Science Self-Concept – More Than the Sum of its Parts?

The article “Science Self-Concept – More Than the Sum of its Parts?” has now been published in “The Journal of Experimental Education” (btw in existence since 1932). The first 50 copies are free, in case you are interested.

In comparison to the preprint version, some substantial changes have been made to the final version of the manuscript, especially in the research questions and in the presentation of the results. Due to word restriction, we also removed a section from the discussion, in which we summarized differences and commonalities of the bifactor vs. higher-order models. We also speculated about why the type of modeling may also depend on the study’s subject, that is, on conceptual differences in intelligence vs. self-concept research. The argumentation may be a bit wonky, but at least I find the idea so persuasive that I want to reproduce it in the following. If you have any comments, please feel free to drop me a line.

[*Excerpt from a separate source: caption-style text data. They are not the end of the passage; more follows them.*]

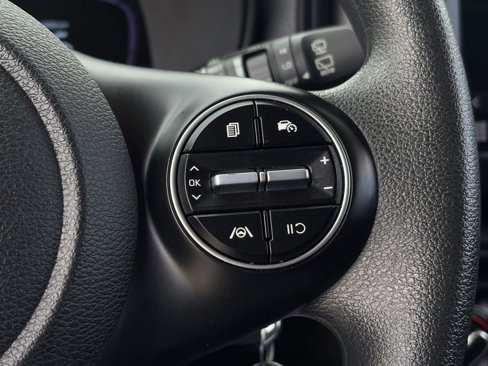 Used 2023 Kia Soul LX image 17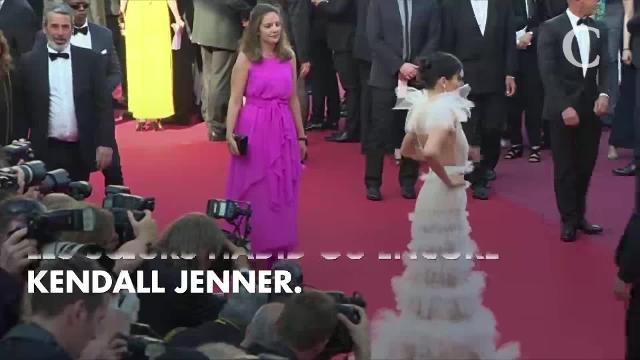 PHOTOS. Fashion Week de Paris : Naomi Campbell défile seins nus sous sa robe transparente au défilé Valentino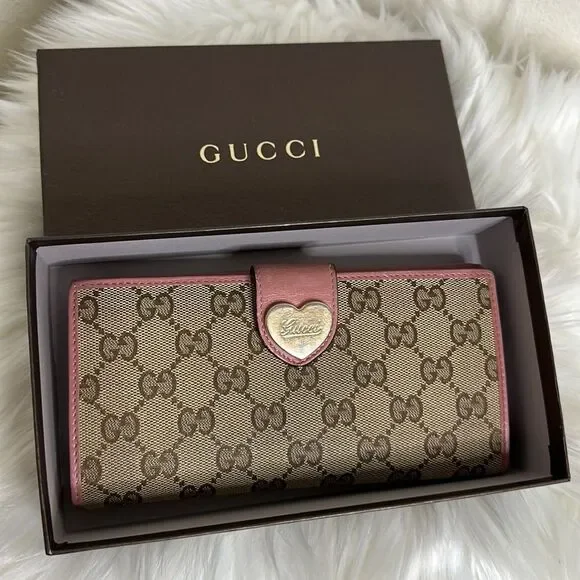 💯Authentic Gucci Bifold Long wallet 🍀 - Picture 15 of 15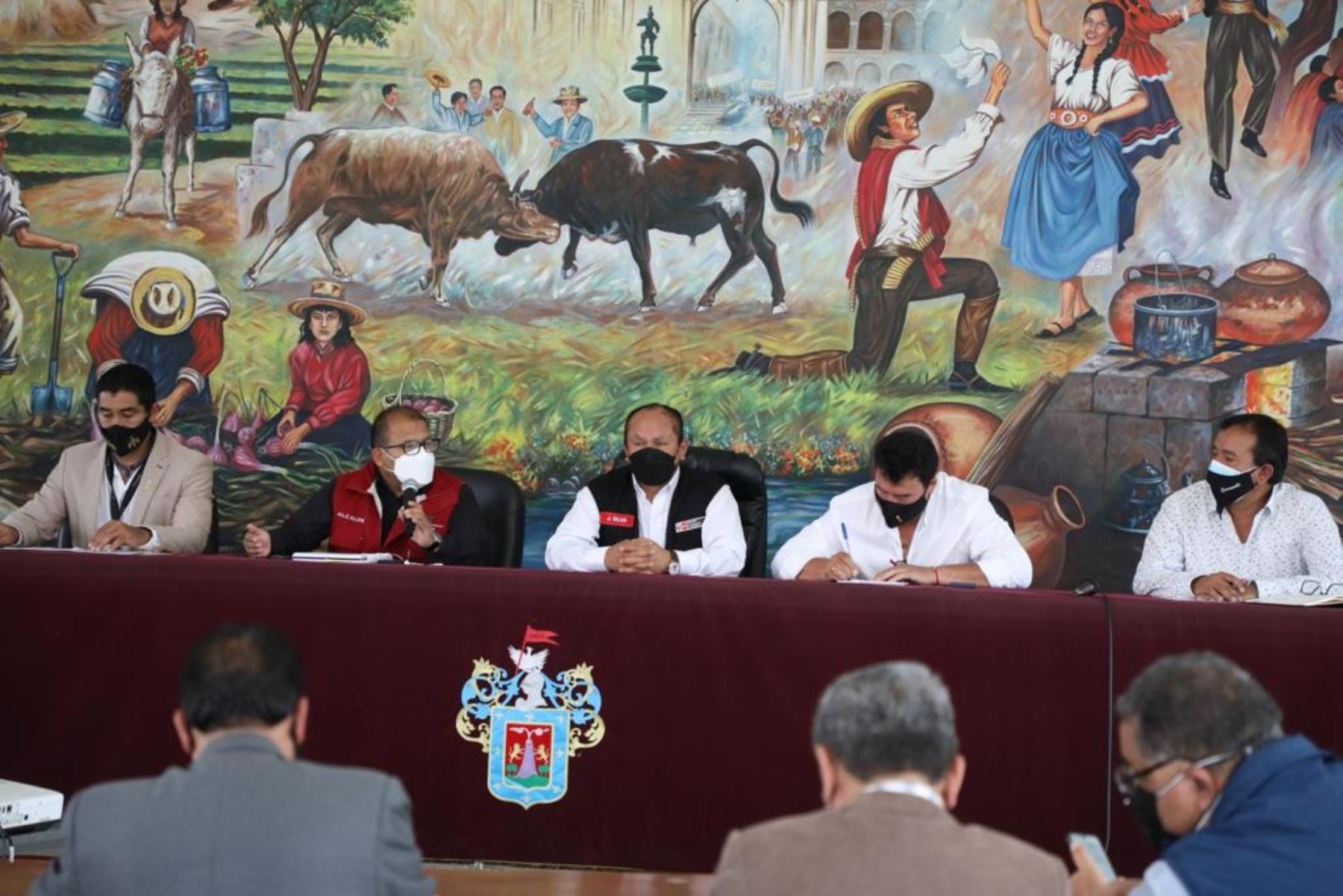 Ministro de Transportes y Comunicaciones, Juan Silva, anuncia destrabe de proyectos viales a alcaldes y autoridades regionales en Arequipa. Foto: Cortesía MTC.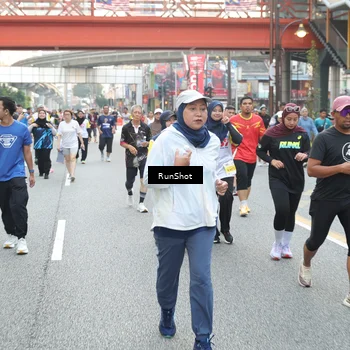 Runner Photo 4597543
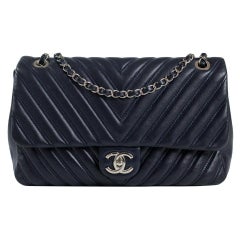 CHANEL Timeless chevron Shoulder bag in Blue Leather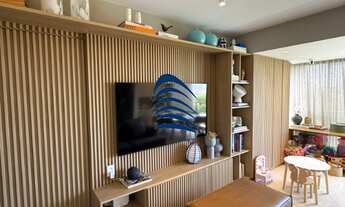 Imagem 1: São 2 suítes, 85m2, armários em todos os cômodos, lavabo, wc de serviço, andar alto, nasce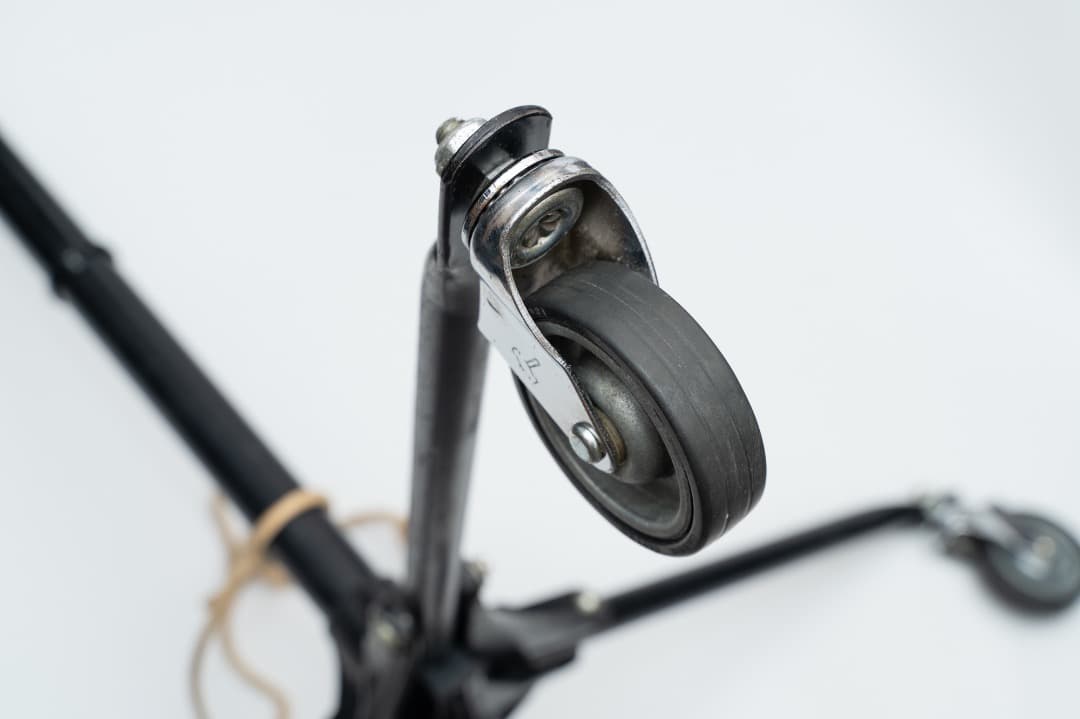 RDS　龍電社 ライトスタンド キャスター付き 1Kスタンド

Hierarchical vs. Bifactor Modeling

Reviewing the psychometric literature on hierarchical and bifactor modeling, one gets the impression that there are large statistical or conceptual differences between these modeling approaches. For example, Chen et al. (2006) listed several advantages of the bifactor model over the second-order model, but the differences are presumably more subtle (Gustafsson & Balke, 1993). Remember that the higher-order models can be turned into a special version of the bifactor models by means of the Schmid-Leiman-transformation (Reise et al., 2010, Schulze, 2004), that is, an (unconstrained) bifactor model and a higher-order model will only produce different results to the extent that the proportionality constraints are violated.

In our reading, the long debate about the appropriate modeling approach is blurred by the fact that the indicators of such models are often either parcels or subtests scores rather than items. In case of aggregated scores of different scales or subtests (e.g., Swedish and mathematics achievement as marker tests for crystallized intelligence in Gustafsson & Balke, 1993), often the bifactor model is preferred because the higher uniqueness of the indicators makes it hard to build a common trait in the higher-order model (see also Cucina & Byle, 2017). In case of parcels, the influence on modeling is more opaque (Cole, Perkins, & Zelkowitz, 2016), but parceling is often misused to mask heterogeneity by leveling out content differences (Little, Cunnigham, Shahar, & Widaman, 2002), which leads to an artificial homogenization of the indicators and generally weakens the subject-specific factors.

Compared to studies discussed in the psychometric literature on hierarchical vs. bifactor modeling, there are some differences in the present case. First, all models were estimated at the item level (with rather homogeneous sets of items), making it obsolete to aggregate the responses. Second, in contrast to research on cognitive abilities that relies on high interrelations (i.e., positive manifold, van der Maas et al. 2006), self-concept research has to deal with two opposing self-concepts—the verbal and the mathematical self-concept that are almost unrelated (Möller, Pohlmann, Köller, & Marsh, 2009). Also, self-concepts are only moderately correlated in the sciences (Jansen, Schroeders, & Lüdtke, 2014). These differences might have led to our result of the absence of significant differences between the bifactor and the second-order model, despite the large sample size. Thus, both models concur that the aggregated science self-concept and the subject-unspecific science self-concept are very highly correlated (r = .94). Therefore, one might be inclined to say that both measurements are equivalent, but this is not necessarily true.

That statistical unity is not to be confused with causal unity and that issues of measurement invariance have to be taken into account are two points we still discuss in the published version, to which we refer the interested reader.